Dr. Fogarty has one of the more diverse practices of medicine via radiology and hyperbaric mitochondrial resuscitation techniques in all of the United States and Canada. He is an imaging research specialist who was part of the team that published the LSU Phase 1 Safety Trial for the use of Hyperbaric Oxygen Therapy (HBOT) in Post Traumatic Stress Disorder/ Traumatic Brain Injury (PTSD/TBI). He has several paradigm-shifting case reports involving medical imaging documentation of hyperbaric brain recovery protocols in conjunction with Paul G. Harch, MD at Louisiana State University in New Orleans who is one of two primary mentors in mitochondrial medicine.
Dr. Fogarty’s first publication in the medical literature was with a team assembled at Creighton University in Omaha, Nebraska reporting the spontaneous resolution of a large arteriovenous malformation discovered in utero on routine fetal ultrasound screening during the second trimester. The case presented during his time as Chief Resident at Creighton, while his mentor in Neuroradiology, Matthew Omojola, MBBS was Vice Chairman of the Department of Radiology at Creighton. This first experience with anomalous findings in medical data sparked a passion for documenting and deriving important scientific understanding out of “Black Swan” cases within information streams in medicine.
The art of teasing out the informative anomaly is an incredibly powerful point in science and medicine. Penicillin of course was discovered by just such an observation of an anomalous data point. Dr. Fogarty’s role in medicine is figuratively that of a photojournalist capturing black swans in research and his “day job” is in documenting all the rest of the flock on the radar screens in establishment academic medicine.
As fate would have it, this “bird dog” of imaging was identified in 2007 via a small network of political operatives and engineers with ties from Washington DC to North Dakota and Oklahoma and New Orleans, Louisiana (NOLA) affiliated with the International Hyperbaric Medical Foundation. The IHMF team connected Dr. Fogarty with Dr. Harch in New Orleans while Dr. Fogarty was visiting his brother, Robert X. Fogarty. This seminal meeting for the academic leadership of the University of North Dakota (UND) and Louisiana State University (LSU) in Hyperbaric Oxygen Therapy (HBOT) serendipitously occurred during the development of humanitarian hurricane disaster transportation services (evacuteer.org) by Dr. Fogarty’s brother, Robert in NOLA in conjunction with state and municipal political leadership.
While Dr. Fogarty was at the LSU-NOLA medical campus and at Dr. Harch’s clinic for 3 days, he was brought in to decode and understand the data and statistical deviations in Dr. Harch’s two-decade long accumulation of single-photon emission computed tomography (SPECT) data on multiple patients undergoing HBOT. Dr. Harch had already presented some of this data to the Department of Defense and Congress, several times, in efforts to generate funding for research in traumatic brain injured veterans in the years prior to their meeting. However, no one understood the significance of Dr. Harch’s breakthrough treatment.

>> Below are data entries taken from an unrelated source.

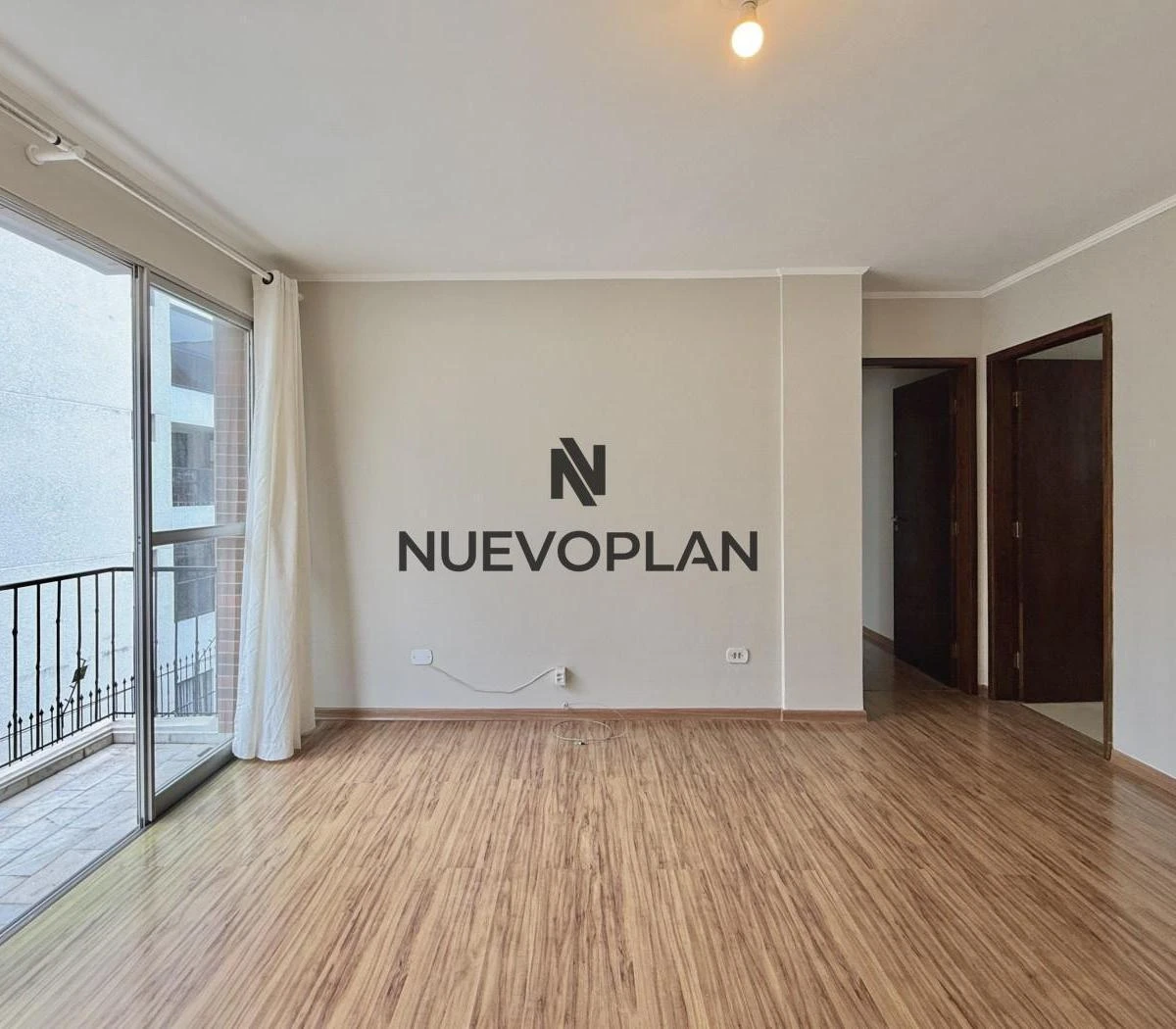 Wood or laminate floors in a 3-bedroom apartment, 78 m² — photo 9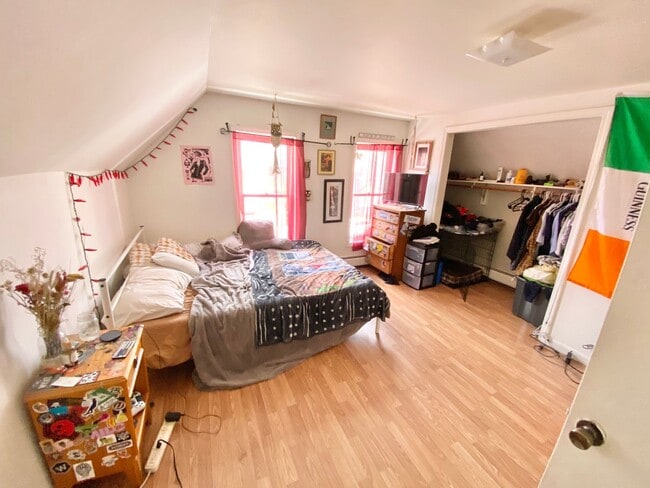 Building Photo - 48 Intervale Ave Unit B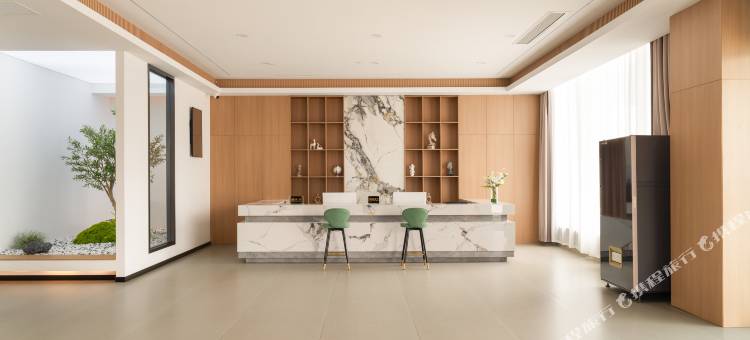 朴树·四季酒店(安顺黄果树大街客运东站店)图片
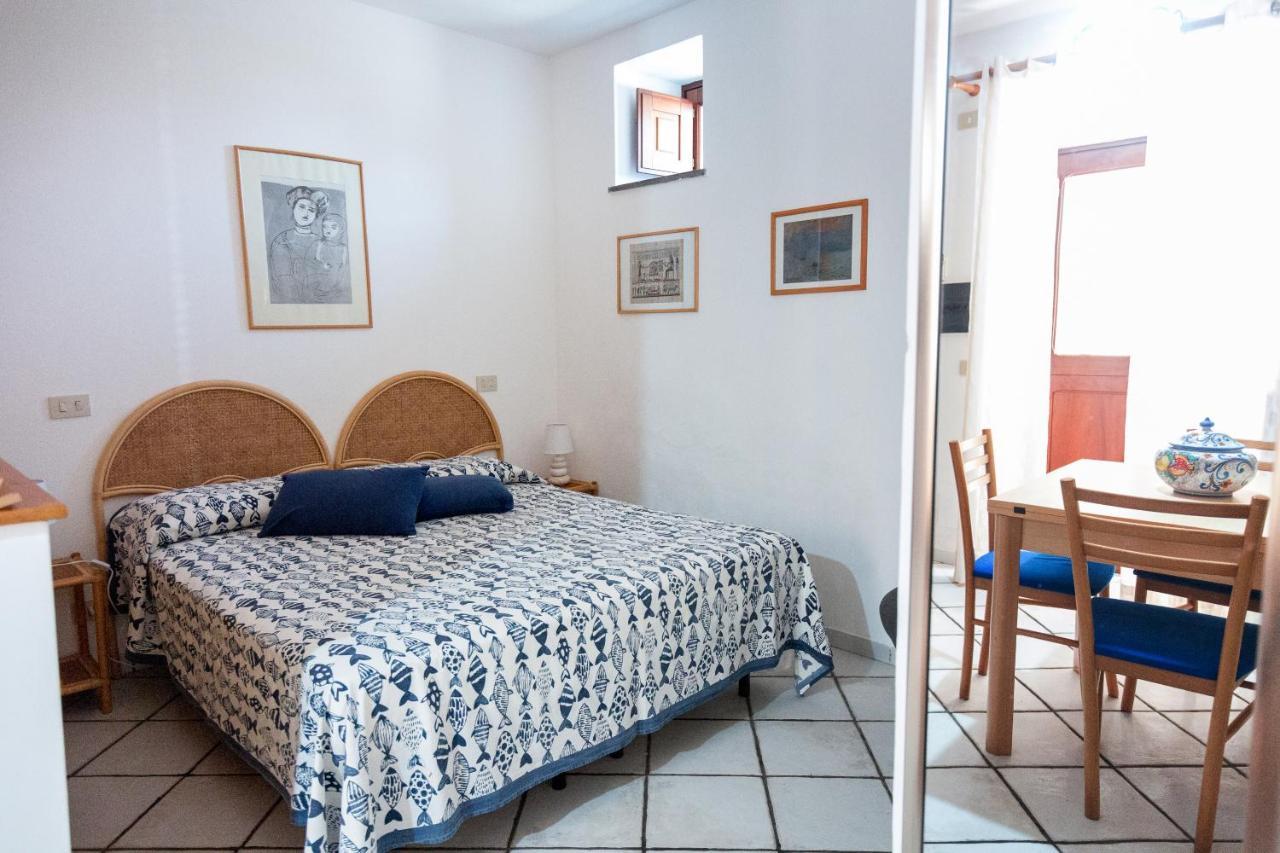 Casa Zu Peppino Apartment Đảo Lipari Ngoại thất bức ảnh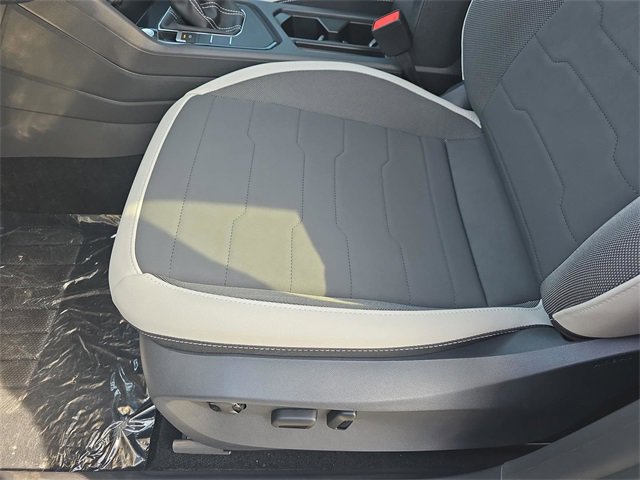 New 2025 Volkswagen Taos SE image 13
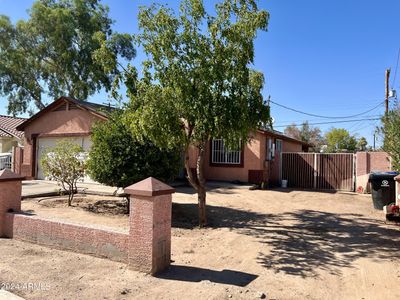 11128 W Mohave Street, House other with 3 bedrooms, 2 bathrooms and null parking in Phoenix AZ | Image 2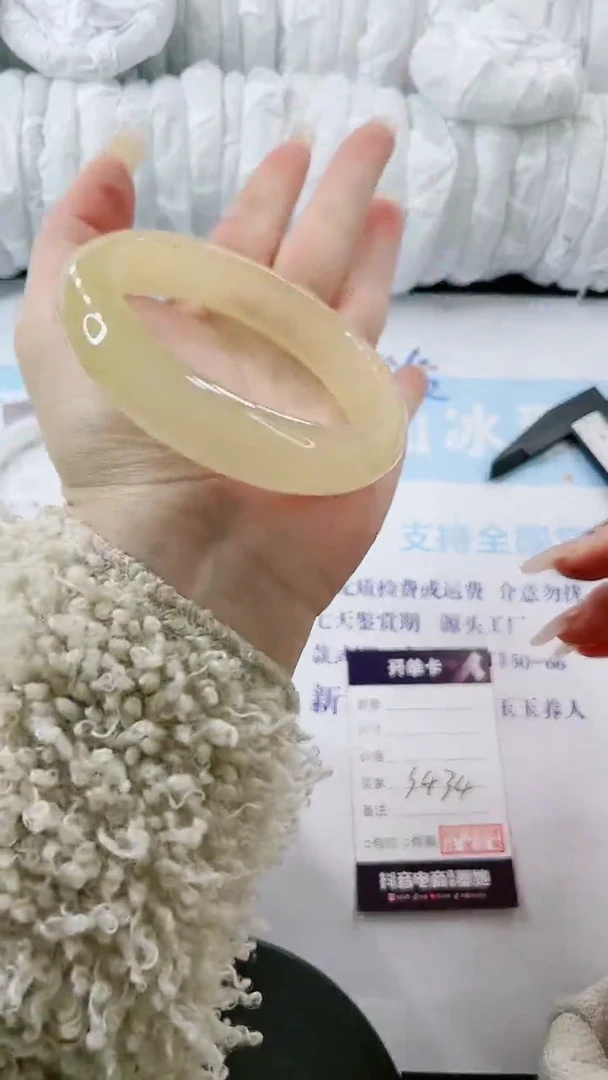 【闪购商品】石英质玉手镯未镶嵌多样性发货S434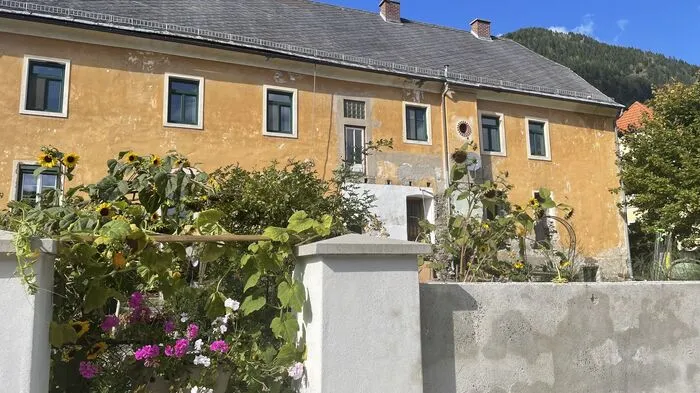 Der Hof der Familie wurde im Jahr 1030 das erste Mal urkundlich erwähnt.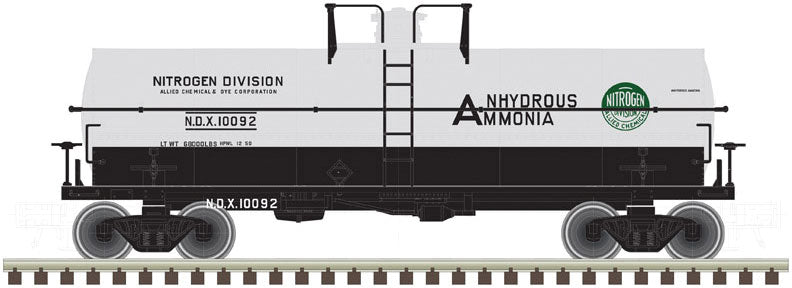 ACF 11,000-Gallon Tank Car with Platform - Ready to Run - Master(R) -- Allied Chemical NDX #10090 (white, black, green)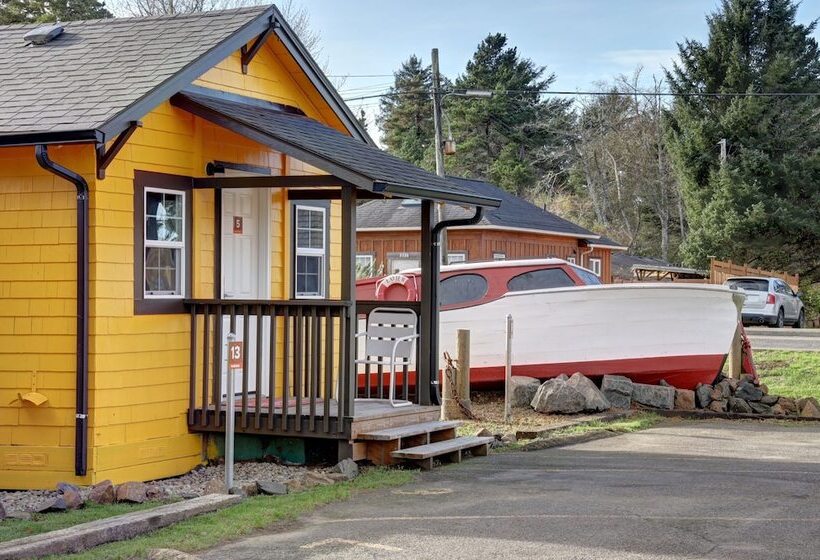 فندق على الطريق The Seaview Cottages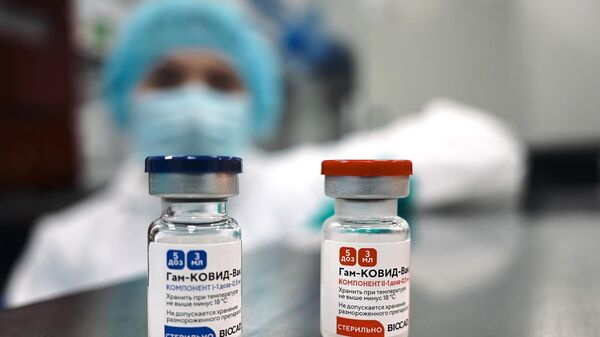 Оренбургские власти сообщили об успешной вакцинации медиков "Спутником V"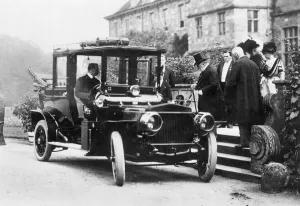 King Edward Vii Collection: 1907 Daimler 35hp Landaulette, King Edward VII. Creator: Unknown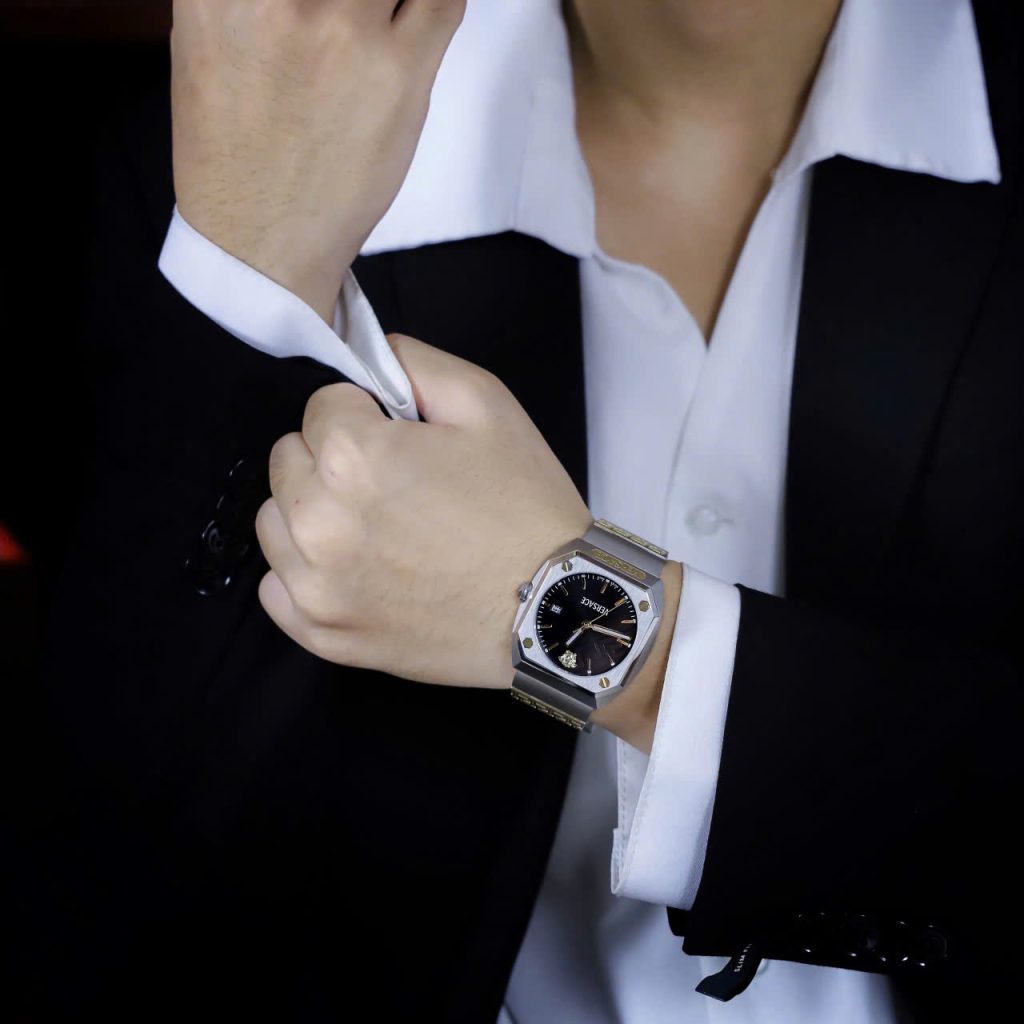 Đồng hồ Versace VE8F00524 Antares Nam Dây Kim Loại Demi Fake 11 44mm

When Dr. Fogarty saw the image data on local computer workstations in NOLA, he recognized that Dr. Harch had made a seminal discovery in his SPECT data from the very first time that these neurofunctional images started to be used in the 1980s. At that time, no one in academic radiology could translate those observations by Dr. Harch from film copy to digital imaging statistically analytics in the way Fogarty ultimately developed with Dr. Harch from 2007 to 2019. It was Ted’s task to statistically render what Dr. Harch had described to him as “smoothing” of the data.
The art of the practice of neurological hyperbaric medicine, which emerged during the 1980s in America, has accumulated documentation of incredible reversals of strokes and severely injured lobes of the brain. These are documented by SPECT images. These large area changes were obvious to all in medicine but what Dr. Harch was astutely observing was a more granular shift in all the data points rendered in these HMPAO-SPECT images.
Because of Dr. Ted Fogarty’s understanding of pioneering imaging informatics on a technical level, he quickly encoded the “smoothing” effect as a simple normalization on a bell curve of data. Less deviation from the mean in any area relative to an adjacent area is quite simply a reflection of this smoothness versus highly granular “pixelated” data. This granularity is a common phenomenon we all can see in under-exposed images from digital photography.
Dr. Fogarty understood what Dr. Harch was seeing; namely, he recognized a similar effect that the Impressionists such as Monet had obtained by using similar granulation/textural techniques. He was, therefore, able to re-encode the statistical rendering of granular data presentation in a way that others in medicine might more easily grasp. Dr. Ted Fogarty understood these concepts in the “gestalt” from homeschooling in Art/Art History by former Creighton University faculty member Mary Beth Schmidt Fogarty, his mother.
Many of the assembled scientific and medical luminaries on the advisory board have helped inform Dr. Fogarty’s practice immensely, learning through Hippocratic practice and exchange of ideas. This is how medicine has advanced over centuries. Dr. Fogarty has been in a close academic and advisory role with a luminary psychiatrist of New York over the last 4 years named Albert B. Crum, MD. Dr. Fogarty’s functional imaging career is a derivative of mitochondrial imaging. Mitochondrial Medicine is an emerging field of the 21st Century; Dr. Crum has mentored him into understanding the critical role of mitochondria and glutathione in detoxification as well as neurological regeneration via HBOT techniques.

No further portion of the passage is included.